* SUPPLIED DATA *
·····

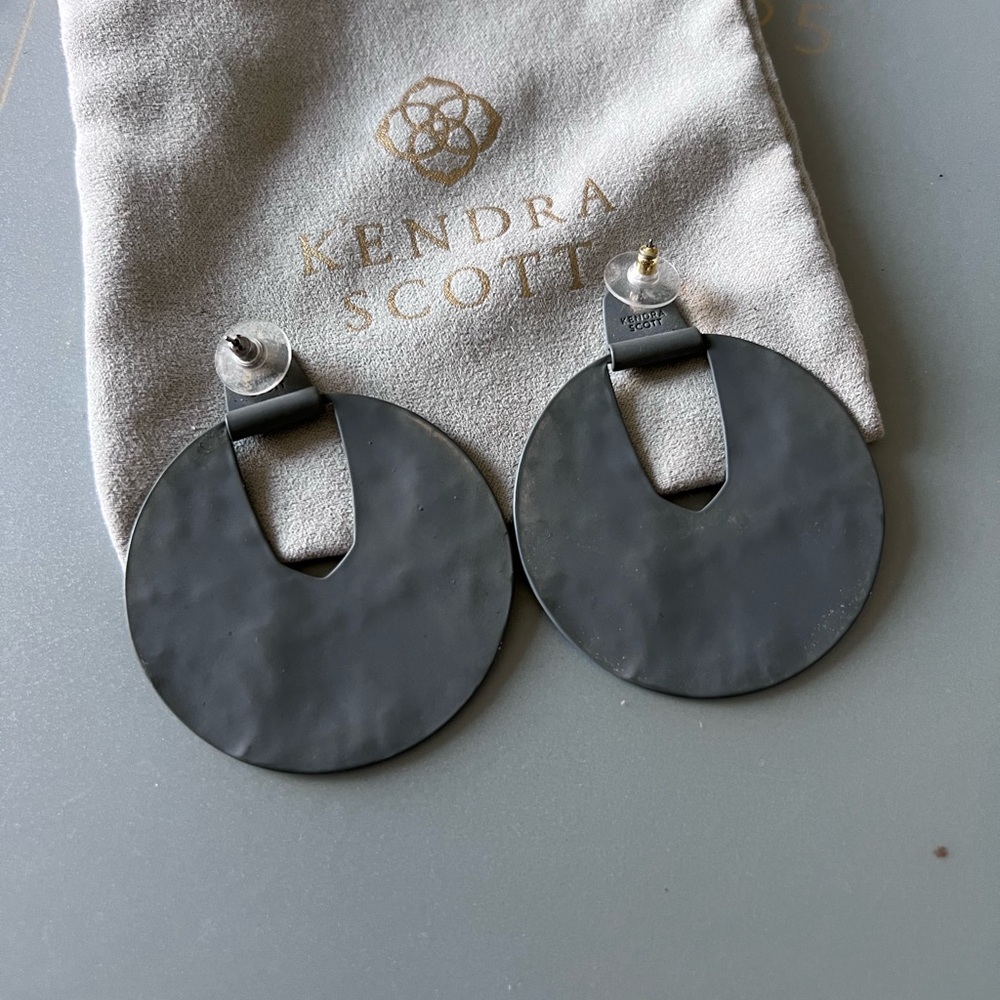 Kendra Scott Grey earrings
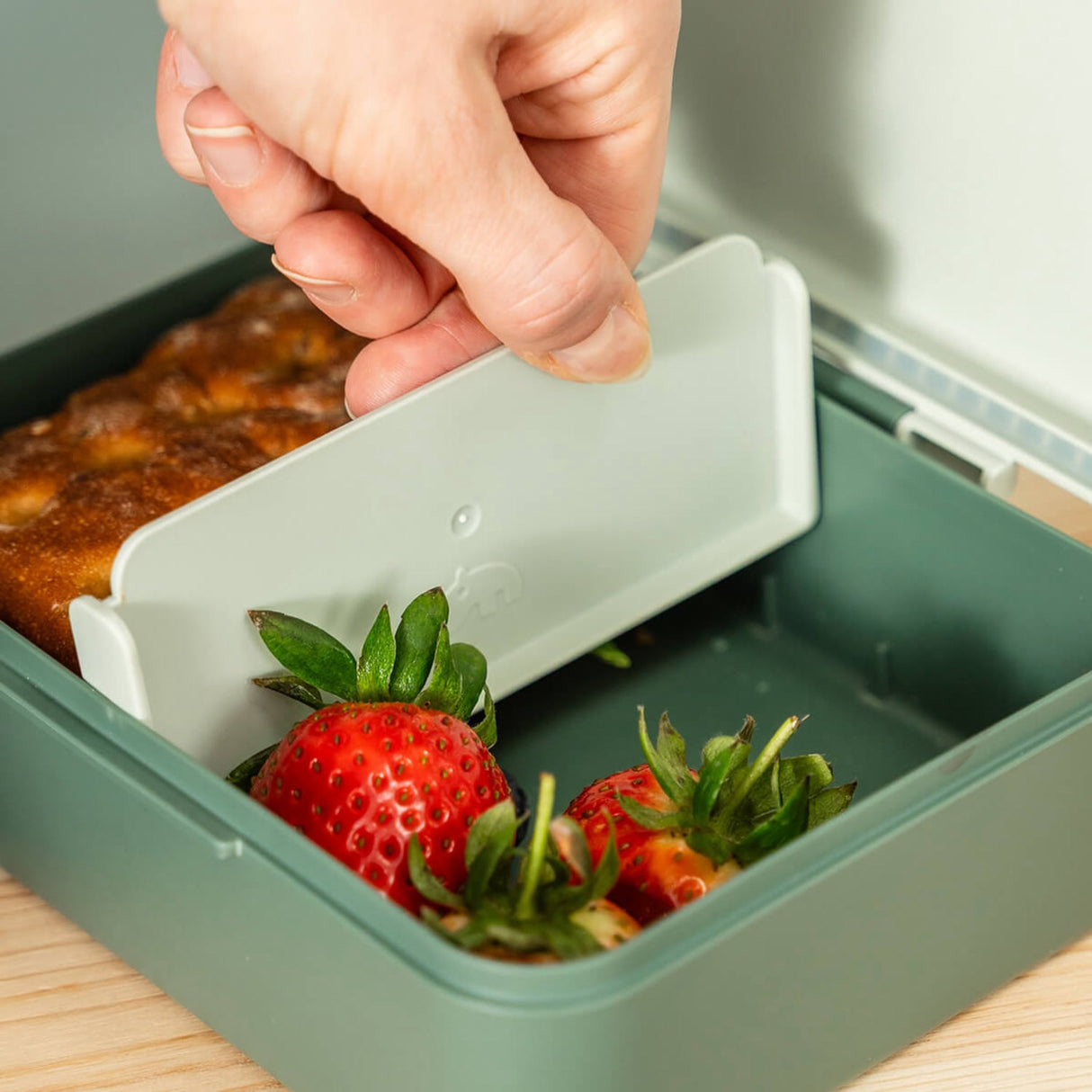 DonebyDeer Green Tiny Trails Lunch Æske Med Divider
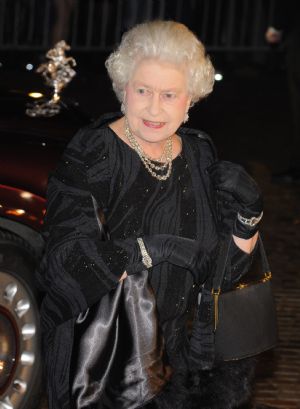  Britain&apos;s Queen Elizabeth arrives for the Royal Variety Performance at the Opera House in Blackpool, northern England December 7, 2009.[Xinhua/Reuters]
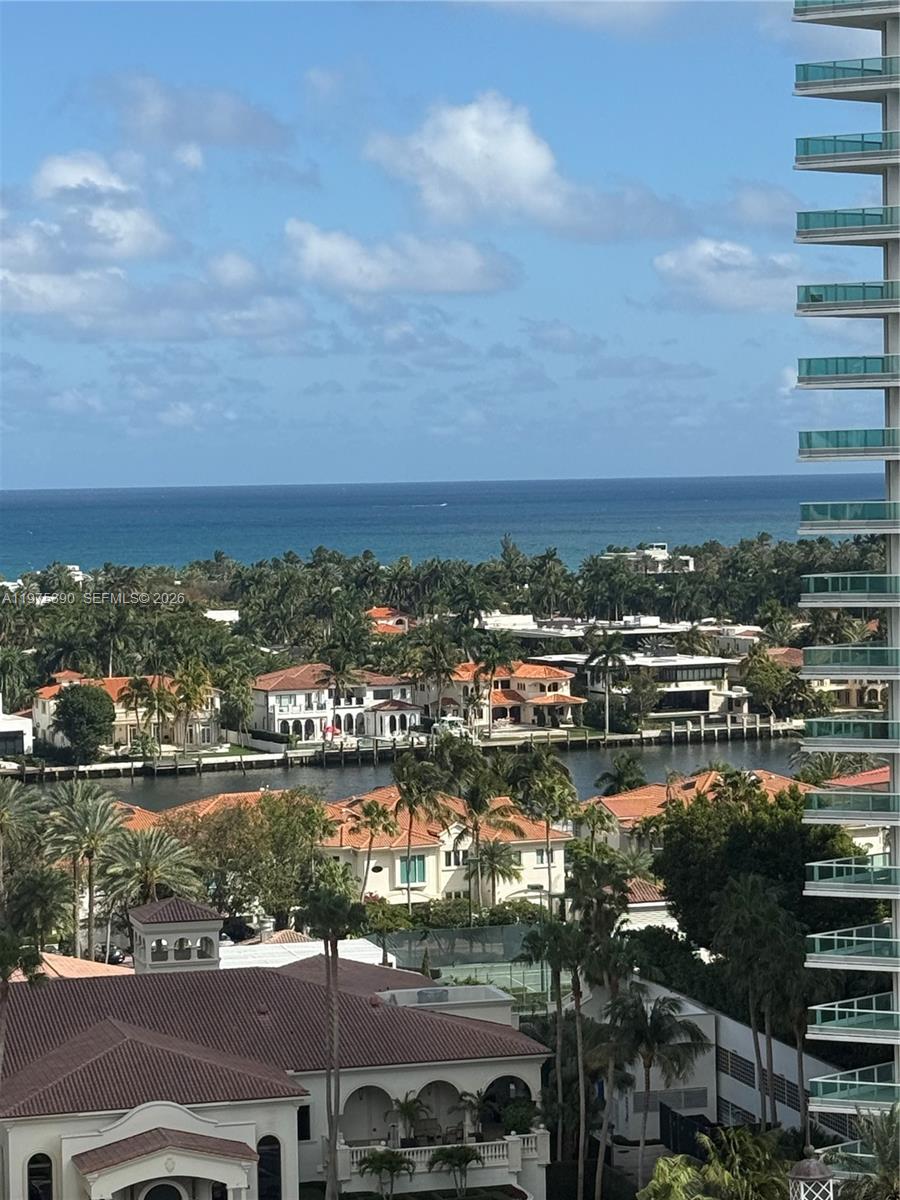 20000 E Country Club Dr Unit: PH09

·····

* TASK TO COMPLETE *
Take the lines from the one holding "DonebyDeer Green Tiny" through the final line of the listing above and copy them exactly, both ends included, with no pictures.

* WRITTEN RESPONSE *
 DonebyDeer Green Tiny Trails Lunch Æske Med Divider
  Britain&apos;s Queen Elizabeth arrives for the Royal Variety Performance at the Opera House in Blackpool, northern England December 7, 2009.[Xinhua/Reuters]
 20000 E Country Club Dr Unit: PH09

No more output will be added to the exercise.